Three months ago, Judge Sippel ruled in favour of Monsanto, Pioneer and other big seed firms and denied the case class-action status. He did not disclose to the parties that in 1997 and 1998 he had been listed as an attorney representing Monsanto in a similar case, according to lawyers and court documents quoted by the New York Times yesterday.
Now lawyers for the plaintiffs have written to the judge suggesting that he step down from the case. Judge Sippel has scheduled a public hearing on the issue for January 30. He is declining to discuss the matter until then.

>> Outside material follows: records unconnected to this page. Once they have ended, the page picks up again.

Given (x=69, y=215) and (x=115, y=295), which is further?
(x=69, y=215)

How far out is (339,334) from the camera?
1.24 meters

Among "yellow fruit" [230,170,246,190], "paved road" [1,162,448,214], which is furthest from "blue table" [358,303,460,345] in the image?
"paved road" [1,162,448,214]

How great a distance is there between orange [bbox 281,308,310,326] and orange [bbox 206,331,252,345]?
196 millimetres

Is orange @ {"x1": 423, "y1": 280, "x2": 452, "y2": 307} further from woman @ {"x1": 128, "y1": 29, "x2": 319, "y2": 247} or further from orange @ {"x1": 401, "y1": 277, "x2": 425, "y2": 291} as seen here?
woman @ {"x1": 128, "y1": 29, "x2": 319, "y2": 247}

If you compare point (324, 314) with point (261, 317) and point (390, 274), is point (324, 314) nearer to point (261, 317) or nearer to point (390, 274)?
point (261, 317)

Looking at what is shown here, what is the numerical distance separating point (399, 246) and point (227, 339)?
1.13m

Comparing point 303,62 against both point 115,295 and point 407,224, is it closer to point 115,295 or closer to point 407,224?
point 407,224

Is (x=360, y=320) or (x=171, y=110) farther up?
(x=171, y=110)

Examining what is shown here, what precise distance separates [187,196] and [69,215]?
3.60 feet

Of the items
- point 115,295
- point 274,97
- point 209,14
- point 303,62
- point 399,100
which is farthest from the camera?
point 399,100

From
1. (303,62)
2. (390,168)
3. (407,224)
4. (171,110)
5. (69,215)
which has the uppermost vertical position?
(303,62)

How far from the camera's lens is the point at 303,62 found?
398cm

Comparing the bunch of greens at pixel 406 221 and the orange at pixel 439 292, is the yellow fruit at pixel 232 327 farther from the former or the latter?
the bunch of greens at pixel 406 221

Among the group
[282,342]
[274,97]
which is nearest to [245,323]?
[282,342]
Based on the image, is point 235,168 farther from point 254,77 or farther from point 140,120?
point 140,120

According to the documents, before his 1998 appointment as a judge, Mr Sippel had been selected by his law firm, now known as Husch and Eppenberger, as one of a team of three lawyers to represent Monsanto in a civil lawsuit with Pioneer Hi-Bred International, another seed company. The law firm accepts that Mr Sippel was listed in court papers as one of the lawyers involved but says that, in fact, he did not work on the case.

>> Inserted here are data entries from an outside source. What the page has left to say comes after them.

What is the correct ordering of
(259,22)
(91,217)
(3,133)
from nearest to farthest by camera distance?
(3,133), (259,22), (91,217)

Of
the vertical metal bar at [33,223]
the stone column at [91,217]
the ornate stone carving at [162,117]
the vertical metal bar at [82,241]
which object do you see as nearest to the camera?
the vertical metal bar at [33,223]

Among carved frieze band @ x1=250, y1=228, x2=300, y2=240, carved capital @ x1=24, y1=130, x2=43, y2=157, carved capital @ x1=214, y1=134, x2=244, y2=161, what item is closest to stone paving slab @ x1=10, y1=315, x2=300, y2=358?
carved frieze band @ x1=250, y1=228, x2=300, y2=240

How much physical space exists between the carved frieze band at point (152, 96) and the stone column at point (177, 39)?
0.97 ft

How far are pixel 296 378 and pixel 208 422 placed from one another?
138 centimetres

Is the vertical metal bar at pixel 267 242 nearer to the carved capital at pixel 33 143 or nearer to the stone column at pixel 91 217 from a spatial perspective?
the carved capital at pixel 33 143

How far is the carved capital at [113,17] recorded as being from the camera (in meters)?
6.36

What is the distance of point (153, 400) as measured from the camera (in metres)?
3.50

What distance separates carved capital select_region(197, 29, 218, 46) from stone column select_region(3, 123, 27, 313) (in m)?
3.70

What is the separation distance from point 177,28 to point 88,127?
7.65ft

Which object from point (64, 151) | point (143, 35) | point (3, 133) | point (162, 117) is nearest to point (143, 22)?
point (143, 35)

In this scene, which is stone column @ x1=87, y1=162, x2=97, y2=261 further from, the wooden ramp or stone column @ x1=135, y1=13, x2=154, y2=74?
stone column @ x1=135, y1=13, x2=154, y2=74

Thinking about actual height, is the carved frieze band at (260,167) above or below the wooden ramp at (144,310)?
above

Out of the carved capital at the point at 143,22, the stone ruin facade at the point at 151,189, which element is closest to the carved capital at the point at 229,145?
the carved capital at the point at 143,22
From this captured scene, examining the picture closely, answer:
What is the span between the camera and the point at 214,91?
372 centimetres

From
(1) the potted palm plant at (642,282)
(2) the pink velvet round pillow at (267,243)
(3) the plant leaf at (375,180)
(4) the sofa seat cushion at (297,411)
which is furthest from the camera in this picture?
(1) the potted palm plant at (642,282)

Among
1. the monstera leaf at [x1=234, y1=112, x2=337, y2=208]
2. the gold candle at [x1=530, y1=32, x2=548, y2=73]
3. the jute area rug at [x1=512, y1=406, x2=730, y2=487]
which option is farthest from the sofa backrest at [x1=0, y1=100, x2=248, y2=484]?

Mr Sippel, 47, was appointed a judge by Bill Clinton and has also worked as an administrative aide for Dick Gephardt, a Democratic party presidential hopeful. Though his former employers say he never did any work for Monsanto, the fact that he had been listed as a Monsanto lawyer and had worked for a firm that handled the Monsanto account would seem to raise a conflict of interest issue. At the least, according to legal experts, Mr Sippel should have declared the relationship between his former law firm and the seed company before the case started.
"The fact that he didn't disclose it is troubling," Deborah Rhode, a professor of law at Stanford University, told the New York Times. "Courts are supposed to avoid the appearance of impropriety."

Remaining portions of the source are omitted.